-- Exercise description --
I'd like the entries repeated exactly, without their pictures.

-- Data extracts --
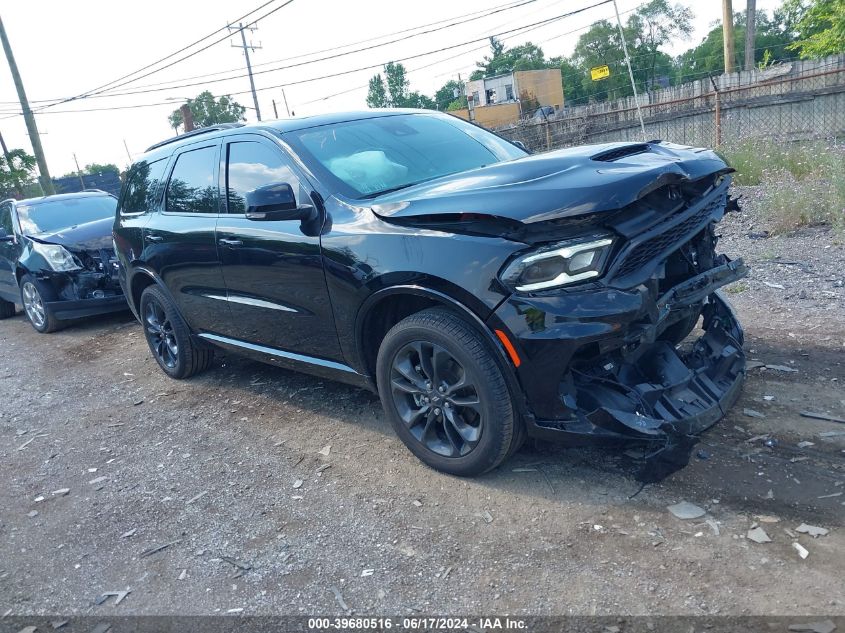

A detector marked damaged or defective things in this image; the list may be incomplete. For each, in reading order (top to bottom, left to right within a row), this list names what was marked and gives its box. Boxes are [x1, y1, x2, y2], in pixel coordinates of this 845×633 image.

damaged hood [370, 141, 732, 225]
broken headlight [31, 242, 82, 272]
damaged hood [25, 217, 113, 252]
broken headlight [502, 235, 612, 292]
crumpled bumper [492, 256, 748, 478]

-- Answer section --
A detector marked damaged or defective things in this image; the list may be incomplete. For each, in reading order (top to bottom, left to right within a row), this list names what was marked and gives its box. Boxes are [x1, y1, x2, y2], in pixel coordinates of this 845×633 image.

damaged hood [370, 141, 732, 225]
broken headlight [31, 242, 82, 272]
damaged hood [25, 217, 113, 252]
broken headlight [502, 235, 612, 292]
crumpled bumper [492, 256, 748, 478]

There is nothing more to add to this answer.